Germany to return to non-electronic polls

 

GERMANY’S HIGHEST court ordered a return to the ballot box yesterday, dismissing the country’s electronic voting machines as out of keeping with the principle of fair and open elections.

The constitutional court ruled that using 1,800 voting machines from the Dutch firm Nedap in the 2005 general election breached German election law.

This states it should be possible to check election procedures and results “in a reliable fashion and without any particular specialist knowledge”.

Even with a print-out of votes, the court ruled the machines did not guarantee the control measures the law requires. Neither did the presentation of the results saved on a computer chip satisfy the “public control” function of vote-counting.

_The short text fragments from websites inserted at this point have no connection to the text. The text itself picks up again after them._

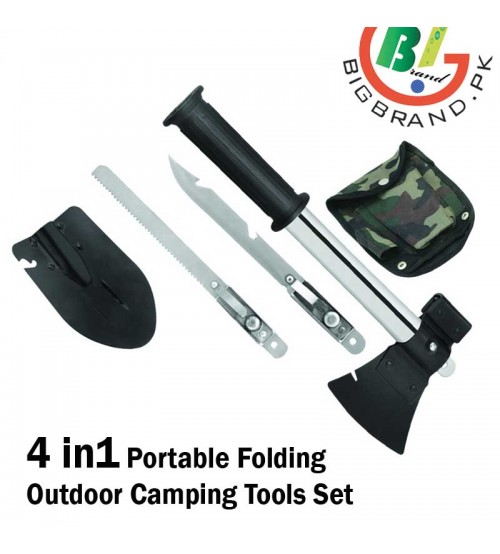 4 in1 Portable Folding Outdoor Camping Tools Set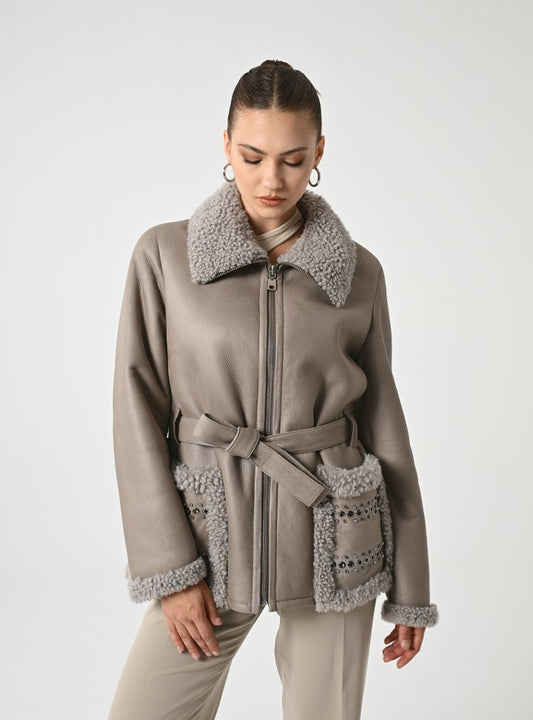 Kadın Taupe Yüksek Yaka Shearling Deri Mont - Cripp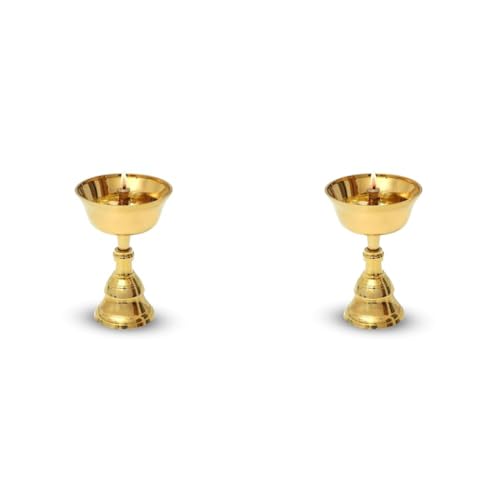 Shubhkart Nitya Akhand Narayan Diya - 110 gm | Brass Diya for Puja | Deepam Kundulu Jyot Diya Oil Lamp | Pooja Articles and Pooja Items for Home Temple (Height: 8.1 cm) (Pack of 2) (B0D819PL3T) Amazon Price History, Amazon Price Tracker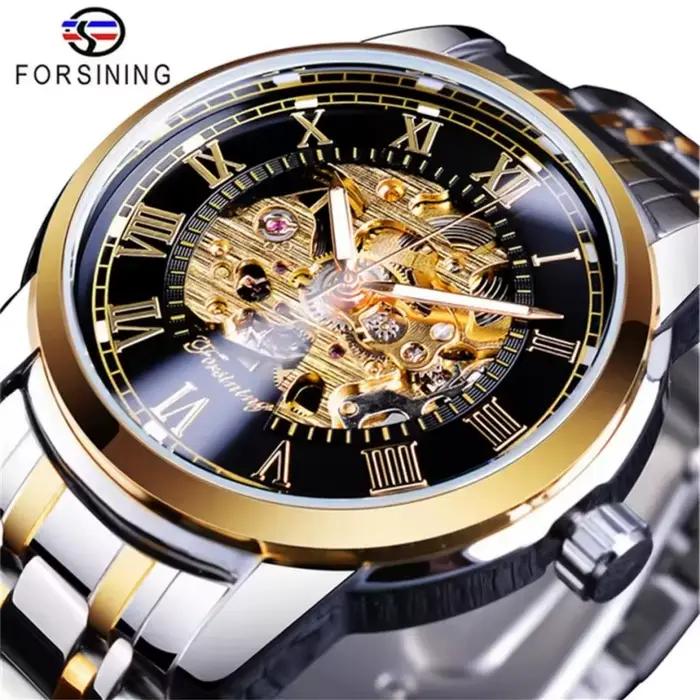 Forsining 349 montre mécanique pour hommes affaires squelette rond argenté noir acier inoxydable montres-bracelets manuelles pour horloge masculine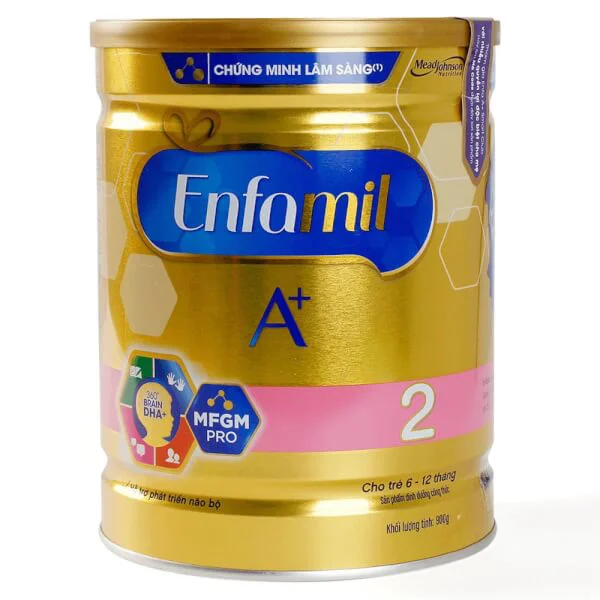Sữa bột Enfamil A + 2 900g 360° Brain DHA+ với MFGM PRO cho trẻ từ 6 - 12 tháng tuổi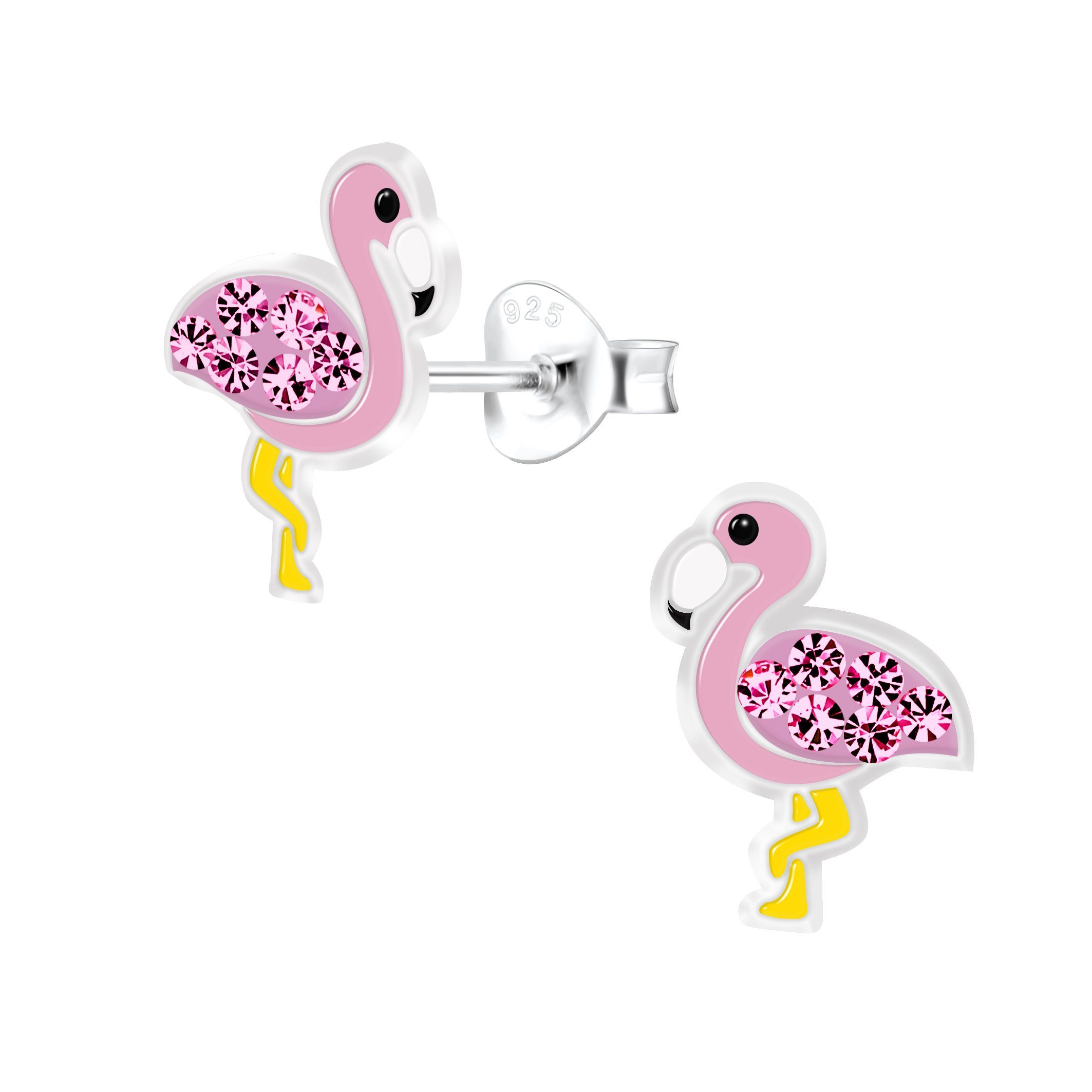 ALEXANDER YORK Paar Ohrstecker FLAMINGO Zirkonia pink, 2-tlg., 925 Sterling Silber | Ohrstecker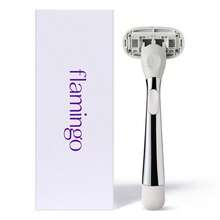 Flamingo Razors For Women, 1 Women' Razor Handle (Chrome), 5 Blade Razor For Women With Aloe And Shea Butter Glide Strips - 1個手柄+1個刀片 - 查看 2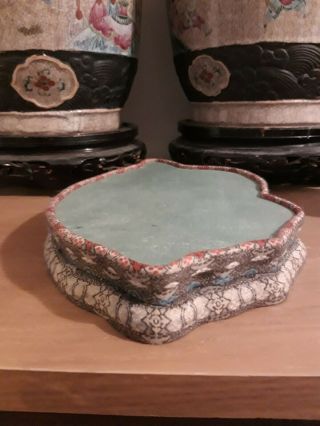 Antique chinese textile covered vase stand 19th 20th century 2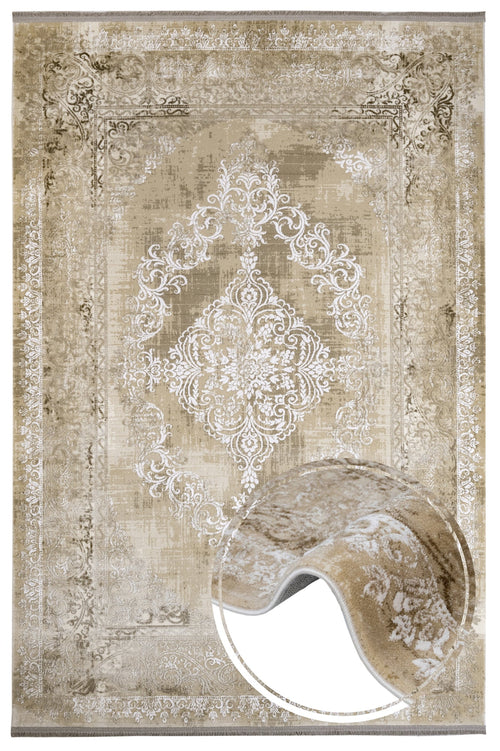 Machine Made Area Rug – Durable Acrylic Carpet with Fringed Edge for Living Room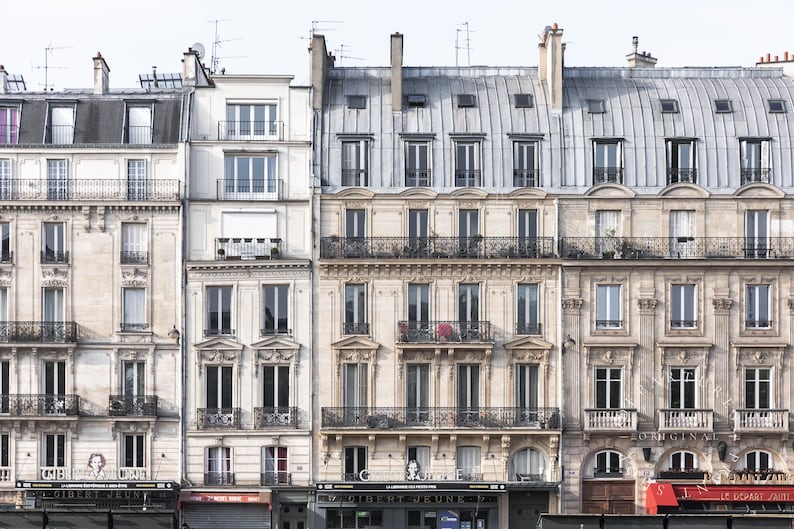 Neutral Paris Buildings Architecture Photography Print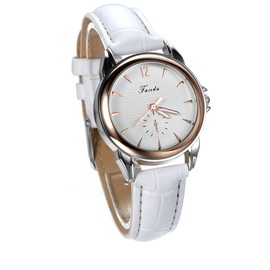 JewelryWe Fashion White Leather Strap Quartz Wrist Watch for Girls Lady Women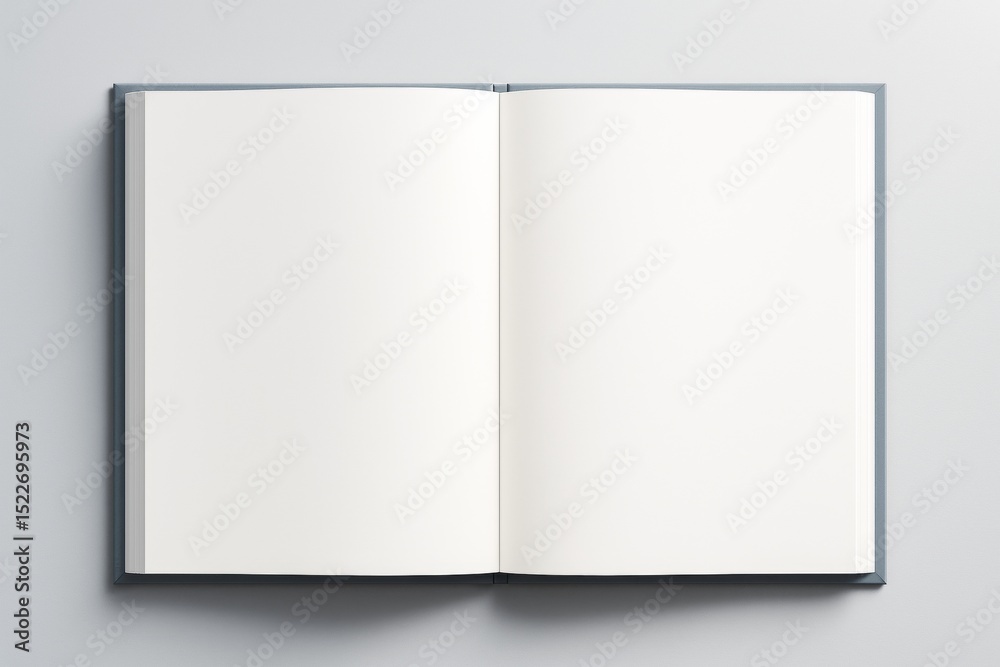 Poster open blank book with white pages on light background, clean layout for copyspace, mockup or design t
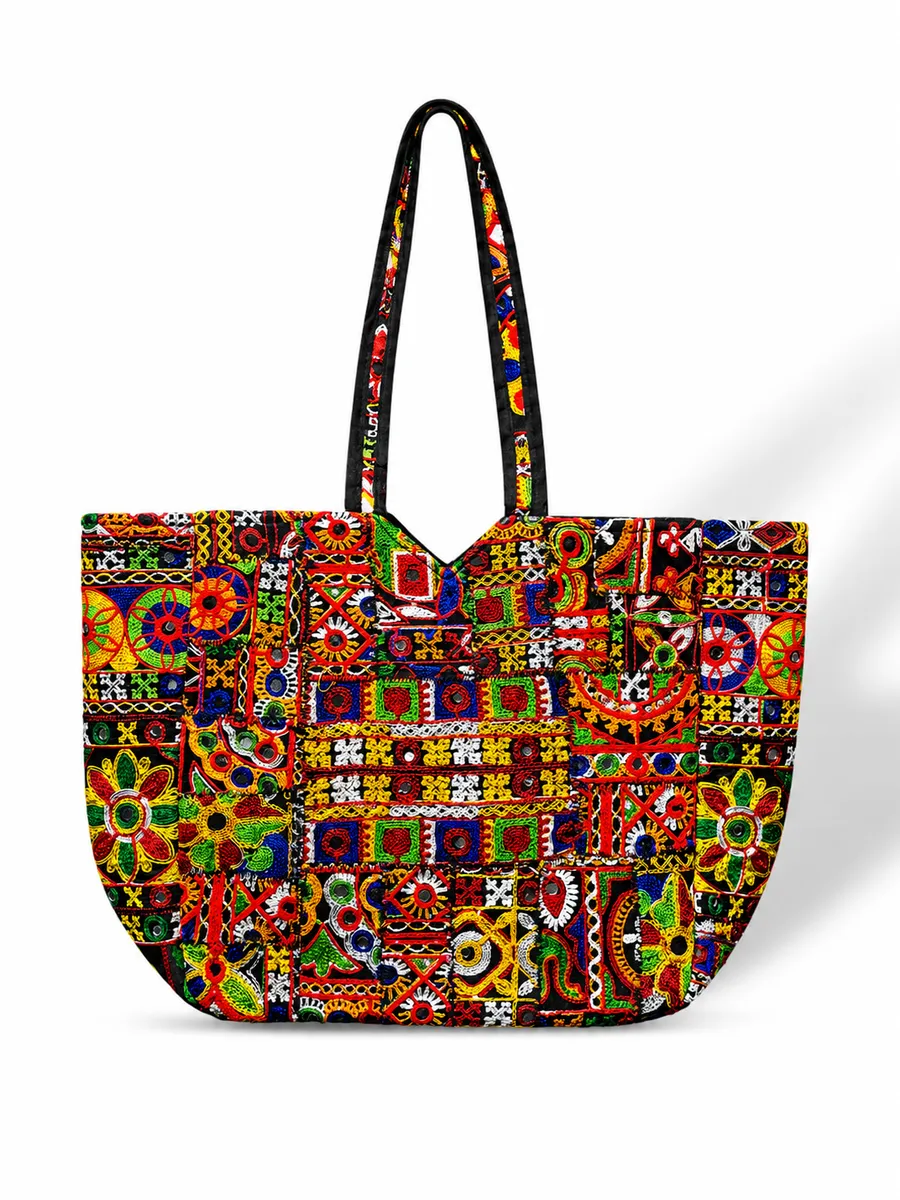 Handmade Embroidered Women's Handbag - Colorful Boho Heritage Fabric Tote Bag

It shared the concern of the two complainants in election authorities’ “blind trust” in machines where software and hardware could theoretically be manipulated to alter an election result.

“We’re dealing with a complete control vacuum after the votes have been cast,” said Prof Wolfgang Löwner, for the complainants. As there was no evidence of serious errors or manipulation of the machines used by some two million voters in 2005, the court said the general election result remained valid.

The court made clear yesterday that it did not want to close the door to machine- or internet-voting and that its ruling was based on the current generation of voting machines.

“One could come to the conclusion from the ruling that the court is technophobic and misjudges the challenges and possibilities of the digital age,” said presiding judge Andreas Vosskuhle.

The ruling will complicate life for German authorities, facing state polls, European and federal elections. “The court has made clear the ability to recheck votes has priority over the ease or expedited final result,” said Bundestag president Norbert Lammert.